I predicted that the green dye wouldn’t penetrate the brain models (potatoes) as much as the other colors. I assumed that the red and blue dyes would penetrate the brain models deeper out of all the food colors, and be way stronger and faster in penetrating the potatoes than the green and blue dyes. Also, I predicted that the blue dye would be just barely above the red and green dyes in its ability to penetrate the potatoes.
It turned out that the red (9 mm) tied with the green (9 mm) in terms of its ability to travel through and penetrate the potatoes. And the yellow (8.1 mm) dye was just below them in its ability to penetrate the potatoes. During the experiment, I collected data that led me to the conclusion that the blue (9.3 mm) dye is the one that penetrated the easiest and deepest, making it the most dangerous dye.
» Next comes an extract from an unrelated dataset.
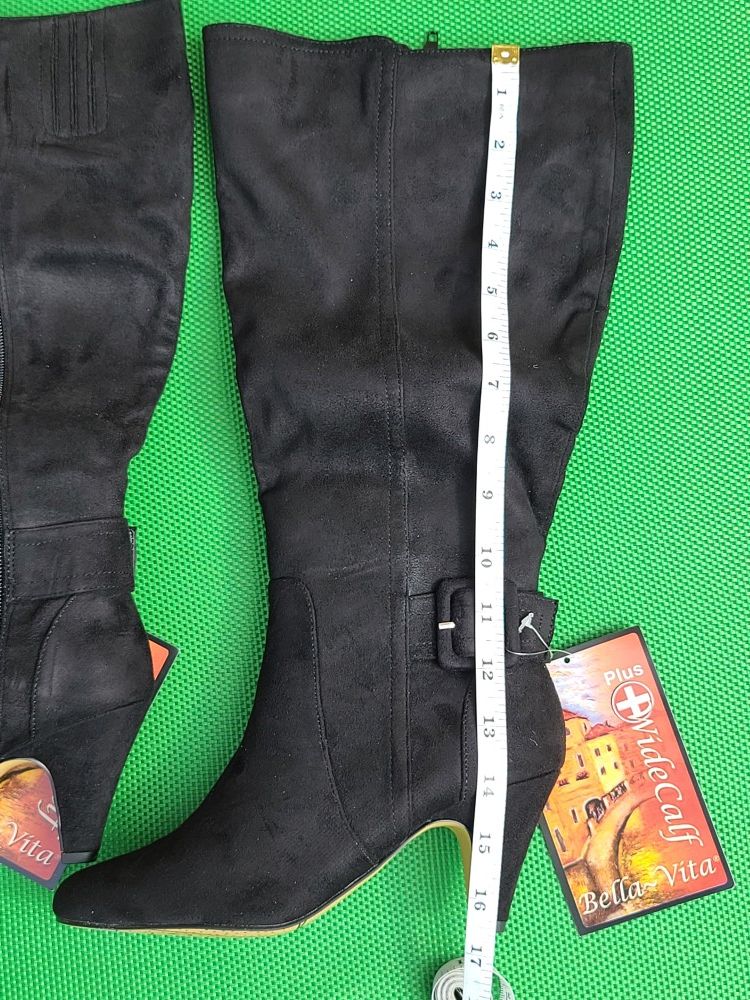 BELLA VITA TROY II WIDE CALF TALL DRESS BOOTS FOR WOMEN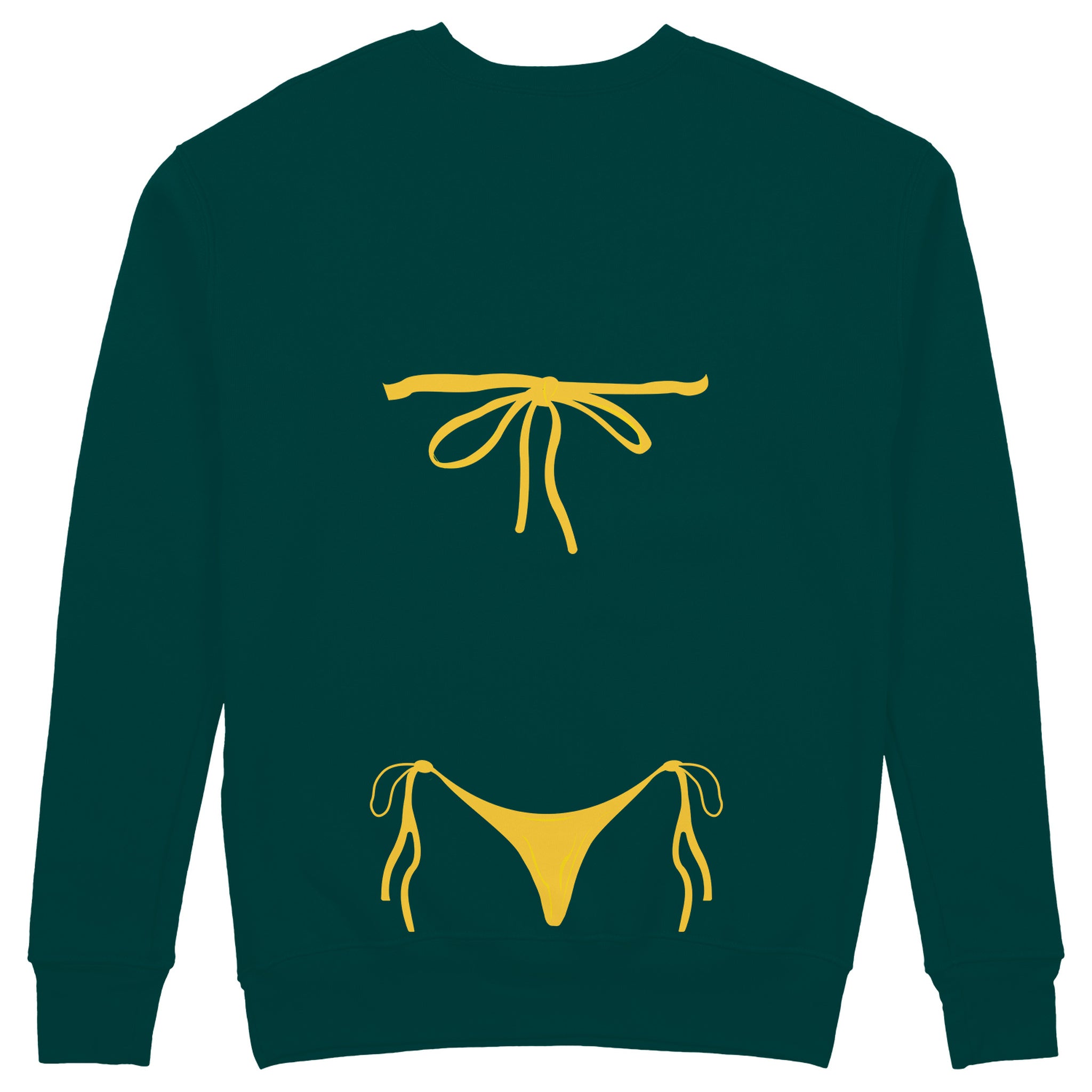Yellow Bikini Sweatshirt - Koyu Yeşil - arka görünüm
At first, I thought that potatoes would be very absorbent, but my assumptions were proved wrong by my background research. I found out that potatoes are grouped in the nightshade family of vegetables. They are also one of the starchiest vegetables, along with being non-absorbent. This explains why I got the results I did. I believe that the temperature could have affected the experiment, because the room temperature was cold.
These results can be used for many things. For example, chefs, especially pastry chefs, could use the results to decide what is the best choice for a frosting color. Basically, anybody, including children and teens, could use these results in their everyday life when choosing yogurt, cereal, cakes and candies with no or less dangerous food colors to reduce the damaging effects of food colors.